Unfortunately, as when Hamilton warned of a risk that the markets would test the implicit guarantee of Fannie and Freddie, no one seems in the officialdom seems to be listening.
From the Financial Times:
Hedge funds will be allowed to borrow from the Federal Reserve for the first time under a landmark $200bn programme intended to support consumer credit.The Fed said on Friday it would offer low-cost three-year funding to any US company investing in securitised consumer loans under the Term Asset-backed Securities Loan Facility (TALF). This includes hedge funds, which have never been able to borrow from the US central bank before, although the Fed may not permit hedge funds to use offshore vehicles to conduct the transactions.
The asset-backed securities to be funded under the programme are pools of credit card receivables, automobile loans and student loans….
The Fed thinks risk premiums or “spreads” for consumer loans are much higher than would be justified by likely default rates, even assuming a nasty recession.
It attributes this to a lack of buying interest in the secondary market where the loans are sold on to investors.

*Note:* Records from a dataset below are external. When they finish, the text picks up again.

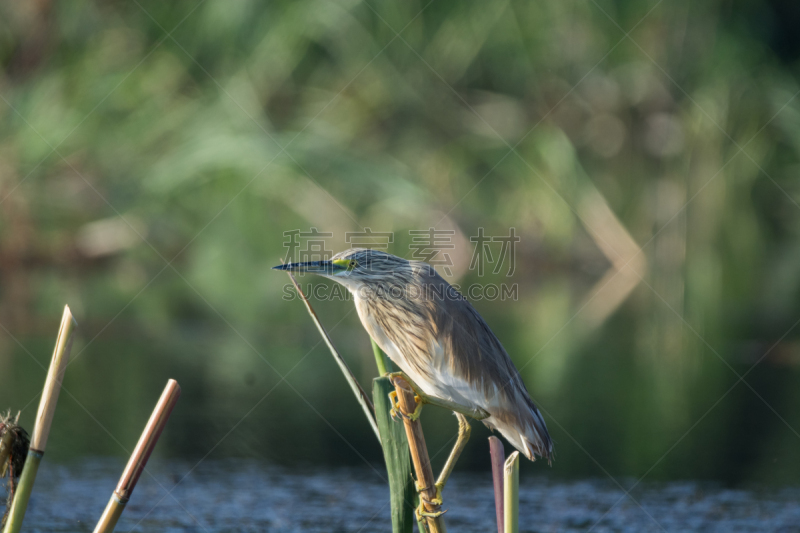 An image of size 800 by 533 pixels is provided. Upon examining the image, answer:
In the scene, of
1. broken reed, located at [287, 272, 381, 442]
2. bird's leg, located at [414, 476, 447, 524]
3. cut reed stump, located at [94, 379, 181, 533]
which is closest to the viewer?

By making loans to these investors on attractive terms it aims to increase market liquidity….
The loans will be secured only against the securities and not the borrower. However, the Fed will lend slightly less than the value of the securities pledged as collateral. The Treasury has committed $20bn to cover potential losses.
Since the credit crisis erupted, hedge funds have complained that they cannot get the leverage they need to arbitrage away excessive spreads and meet high hurdle rates of return.